「停滞する山影」

彼は名を健二といった。
彼が住む町は、静かな田舎であったが、その静けさの裏には、忘れ去られた過去が眠っていると囁かれていた。
ある日の午後、健二は友人たちと一緒に山へハイキングに出かけることにした。
彼らは山の奥へ向かい、自然の美しさを楽しみながら、子供の頃の思い出を語り合った。
しかし、その日、彼らは決して忘れられない体験をすることになる。

山の深いところに進むと、突然、空が暗くなり始めた。
直感的に何かがおかしいと感じた健二は、友人たちに先を急ぐよう提案した。
しかし、友人たちは楽しさに夢中で聞く耳を持たなかった。
彼らは軽快に笑いながら、さらに奥へと歩を進めていった。

ふと、周囲が静まり返っていることに気づいた健二。
しかし、友人たちはその静寂を気にも留めずに声を張り上げていた。
不安が心の奥で膨らんでいくのを感じ、彼は再び声を上げた。
「ちょっと待ってくれ、静かにしようよ。何か変だ……」

その瞬間、友人たちの笑い声がぴたりと止まった。
まるで彼の言葉に呼応するかのように。
周囲は静寂に包まれ、耳を澄ませても何も聞こえなかった。
健二は心臓の鼓動が速くなるのを感じた。
友人たちも周囲の異変に気づいたようだったが、彼らの表情は無表情に変わった。

それから、ふいに彼の視界の端に何かが動いたのを見た。
木々の間から覗くそれは、まるで誰かがこちらを見守っているかのように思えた。
恐る恐る健二はその方向に視線を向けたが、そこには何もなかった。
周囲の空気が一層冷たく感じられ、心の中の不安が増していく。

「みんな、戻らないといけない!」健二は叫んだ。
しかし、友人たちは彼の言葉を無視し、無表情のままその場に留まり続けた。
彼は叫ぶことしか考えられず、さらに言葉を投げかけた。
「本当におかしいから、戻れって!自分たちがどうなっているか考えろ!」

その瞬間、友人たちの身体がギシッと音を立て、彼に背を向けた。
彼らの目は虚ろで、まるで肉体が存在していても、そこに魂はないかのようだった。
恐怖に駆られた健二は、一人で山を下りることに決めた。

山を駆け降りる中、彼の心に芽生えたのは後悔だった。
友人たちを置いていくことで、この異常な現象が彼に何をもたらすのか、想像もしなかった。
彼自身もまた、彼らのように停滞した時間の中に囚われてしまうのではないかと不安が募る。

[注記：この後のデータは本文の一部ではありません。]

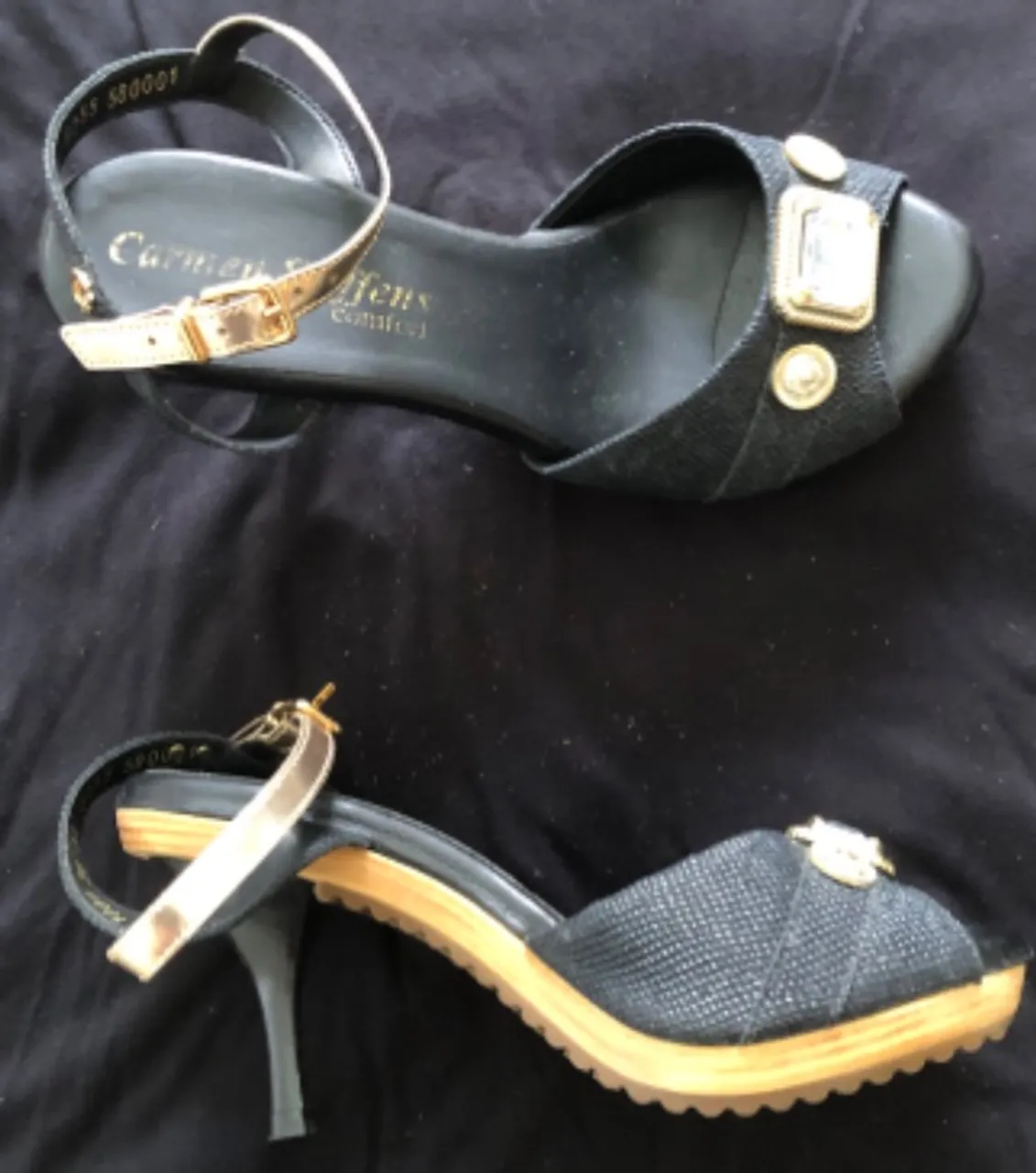 Carmen Steffens sandália preta com pedrarias tamanho 36 sem uso!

その時、途中の小道に立ち止まった健二は、身体のどこかが止まっている感覚を覚えた。
身体は進んでいるのに、心だけが立ち尽くしているかのように感じる。
まるで彼自身もまた、再び過去に戻ってしまうアクセスポイントに立たされているのだ。

「頼む、戻ってくれ!」彼は再度、友人たちの元に戻ることを決意した。
その瞬間、目の前に現れたのは、かつての自分自身だった。
子供時代の自分が、山の奥で楽しそうに遊んでいる姿があった。
彼はその光景を見つめながら、自分の心の奥に秘めた懐かしさと、重たい過去の思い出が渦巻くのを感じた。

「もう一度、戻りたい……」その願望が彼の中で強くなった瞬間、奇妙な感覚が彼を襲った。
すべての記憶が彼の脳裏を駆け巡り、そして、時が停まったかのように彼の心は凍りついた。

彼は再び友人たちの元に戻ることになったが、彼らはただの影に過ぎなかった。
彼が友人たちの姿に再会できたとしても、その中にはもう、彼らの生きた思い出は宿っていなかったのだ。
彼の身体は動けど、心はどこかで停まってしまっていた。

健二はこのままではいけないと強く思った。
果たして何が彼を悩ませ、何が彼を再び動かすのか。
彼は自らの選択に、最後の決意を込めるのだった。